Am. J. Respir. Crit. Care Med., Vol 151, No. 1, Jan 1995, 222-225.
Bronchodilator and bronchoprotective effects of cilostazol in humans in vivo
M Fujimura, Y Kamio, M Saito, T Hashimoto and T Matsuda
Third Department of Internal Medicine, Kanazawa University School of Medicine, Kanazawa University Hospital, Japan.
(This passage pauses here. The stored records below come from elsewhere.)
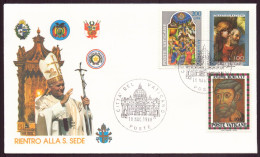 VATICAN ENVELOPPE COMMEMORATIVE 1988 CITTA DEL VATICANO RIENTRO ALLA S. SEDE - Lettres & Documents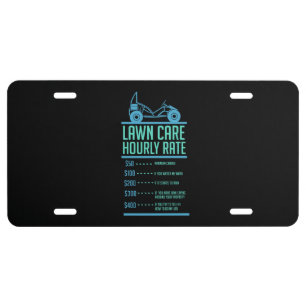Lawn Mowing -  Lawn Care Hourly Rate License Plate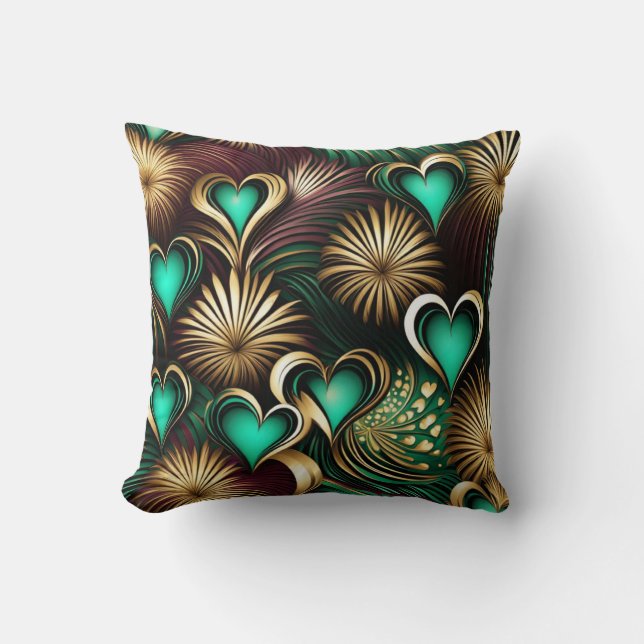 Hearts and Fireworks Designed Throw Pillow (Front)
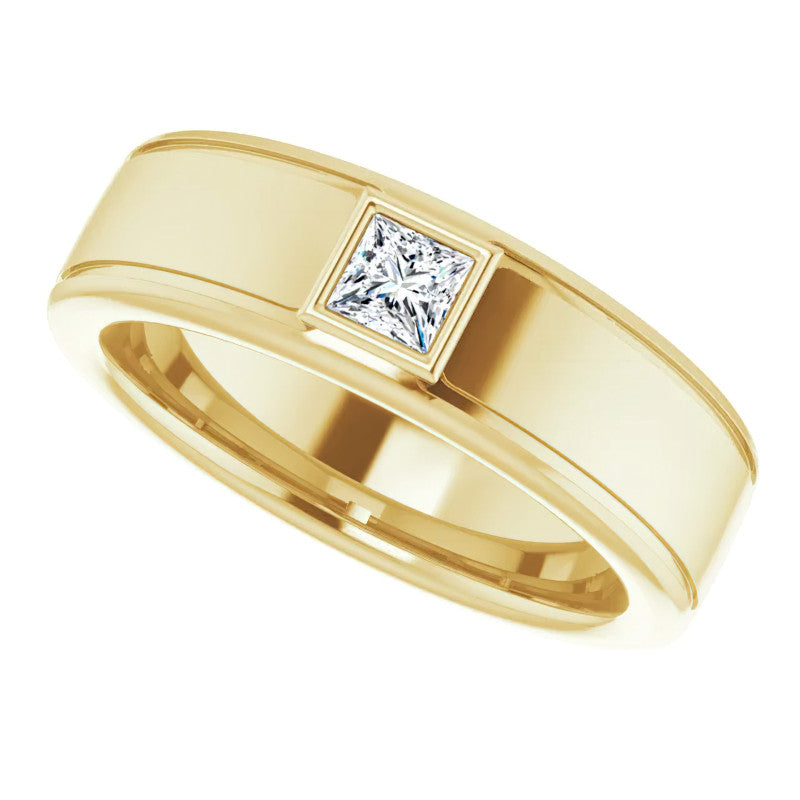 3.5mm/0.27ct Princess Bezel Set Moissanite Mens Ring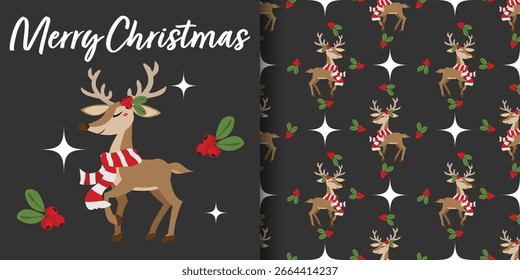 Navidades Anuncio de vacaciones y patrón sin fisuras de lindo reno con bufanda roja con bayas de Holly, texto de Navidades alegres y estrellas sobre fondo negro. Ilustración vectorial para las vacaciones de invierno.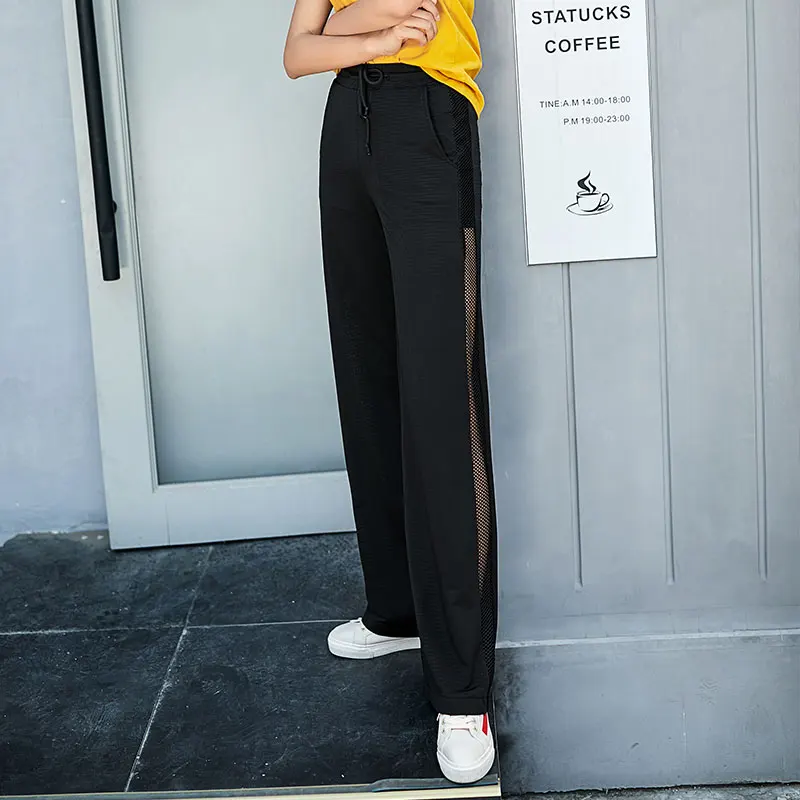 Black Breathable Joggers Women Wide Leg Sweatpants Summer Running Elastic Waist Palazzo Trousers Women Plus Size Joggers 2019 Black Breathable Joggers Women Wide Leg Sweatpants Summer Running Elastic Waist Palazzo Trousers Women Plus Size Joggers 2019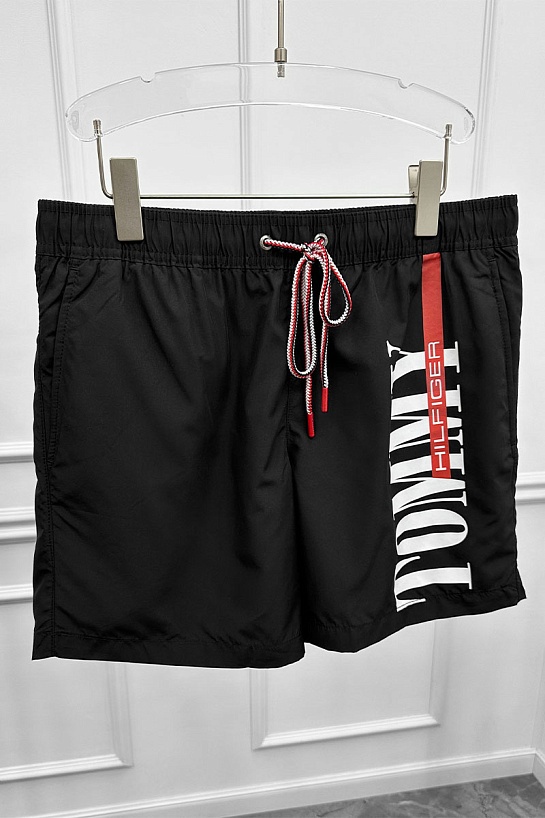 Мужские чёрные шорты Tommy Hilfiger logo-print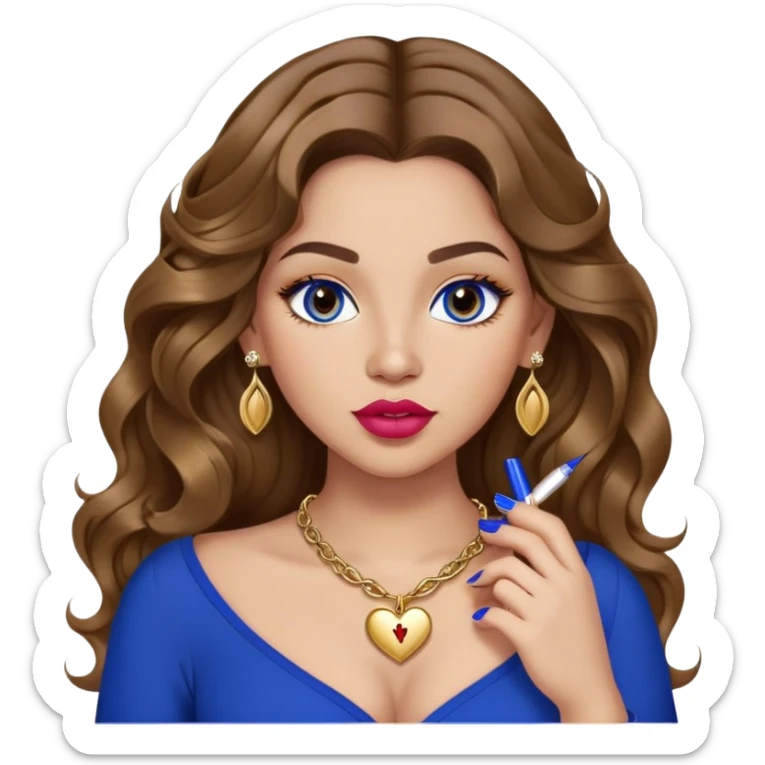 Light skinned girl, long wavy brown hair center-part with face framing pieces, big hazel eyes, gold heart necklace and earrings, royal blue long sleeve top, prominent blush, sassy, big lips, fancy long acrylic nails done, holding lipstick. She is curvy sticker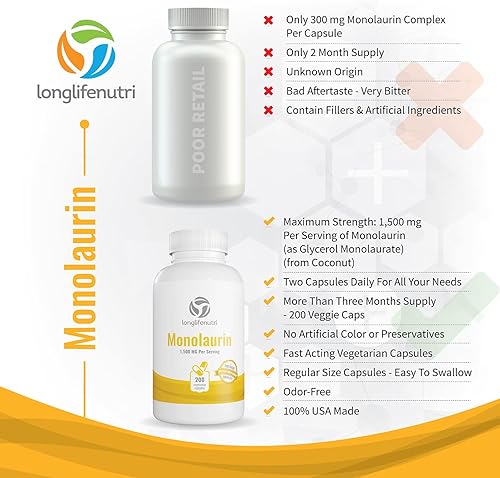 Miniatura 3 de Aceite de pescado Omega 3 de 1000 mg y monolaurina de 1500 mg - Alto EPA y DHA, apoyo inmunológico y digestivo, 120 cápsulas blandas + 200 cápsulas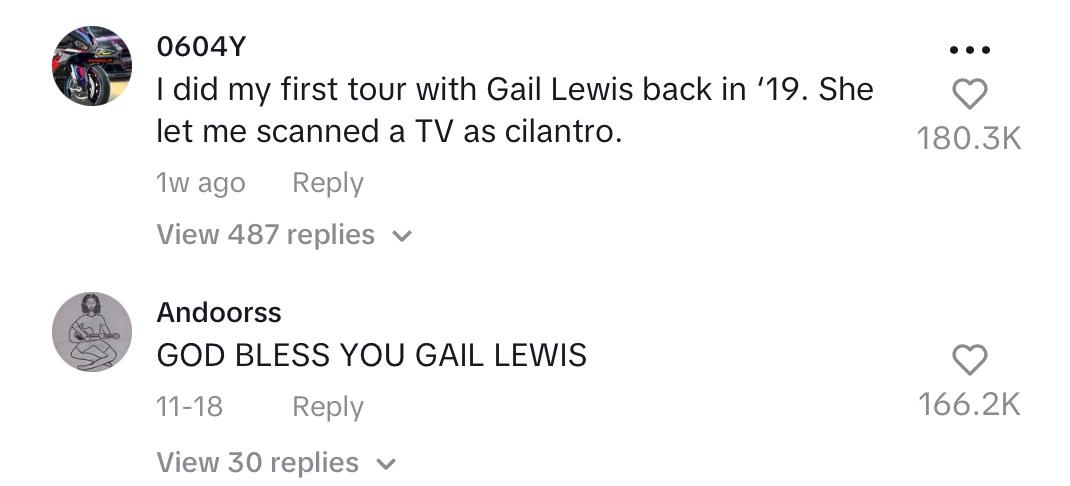 comments on Gail Lewis's tiktok reading "I did my first tour with Gail Lewis back in '19. She let me scanned a TV as cilantro" and "GOD BLESS YOU GAIL LEWIS"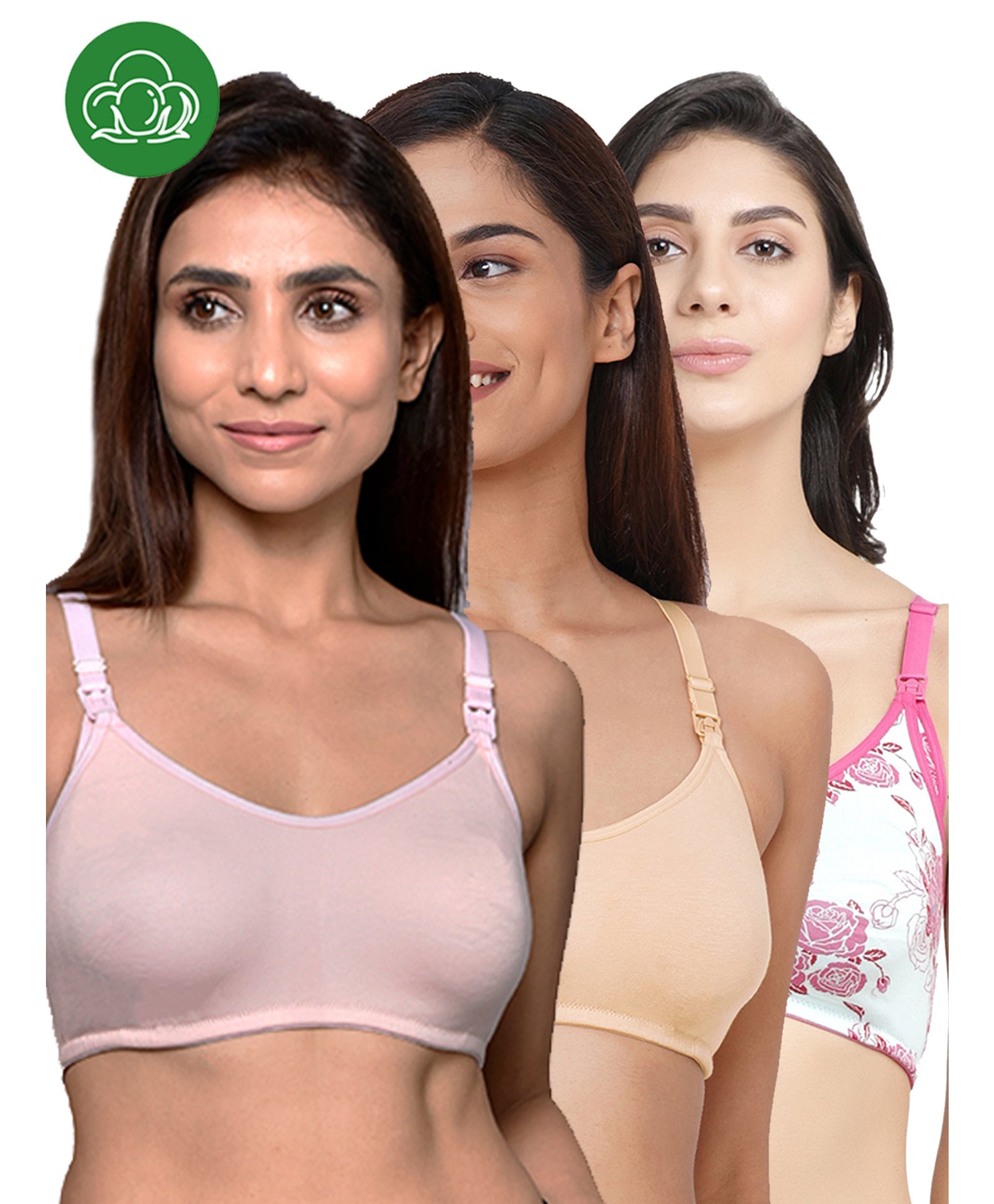 Inner Sense Organic Cotton Knit Pack of 3 Solid & Floral Printed Antimicrobial Bras With Nursing Access - Multi Colour-image-40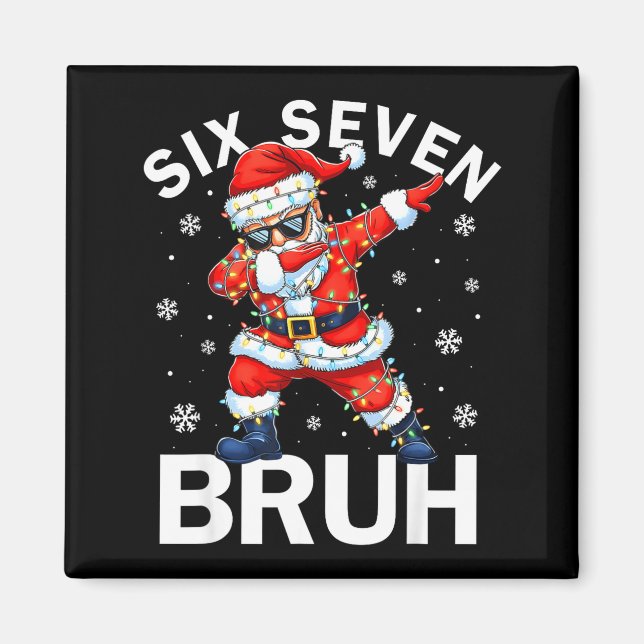Bruh 67 Six Seven Santa Dabbing Christmas Meme Boy Magnet (Front)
Cilostazol is a selective orally active phosphodiesterase (PDE) III
inhibitor. This study was conducted to evaluate whether inhibition of PDE
subtype III can reduce bronchial responsiveness. We examined the effects of
cilostazol on bronchial responsiveness to methacholine in eight normal
subjects by a single-blinded, crossover study. Each subject received 200 mg
of cilostazol or placebo in random order. The subjects underwent
methacholine challenge test 3 h after administration of each drug on two
occasions separated by 5 d or more. The geometric mean value of provocative
concentration of methacholine causing a 20% fall in FEV1 (PC20-FEV1) and
the mean value (+/- SEM) of maximum expiratory flow on partial flow-volume
curve at isovolume of 40% FVC above residual volume (PEF40) after
administration of cilostazol were 25.3 (geometric standard error of the
mean [GSEM], 1.35) mg/ml and 3.78 +/- 0.31 L/s, which were significantly (p
< 0.02 and p < 0.05) greater than those after the placebo
administration (6.81 [GSEM, 1.42] mg/ml and 2.71 +/- 0.39 L/s). All
subjects complained of mild to severe headache when cilostazol was given.
These findings suggest that PDE III inhibitors such as cilostazol have
bronchodilator and bronchoprotective effects in humans. Further studies
regarding smaller oral dosing of or aerosol administration of cilostazol or
the other PDE III inhibitors are needed to determine clinical usefulness.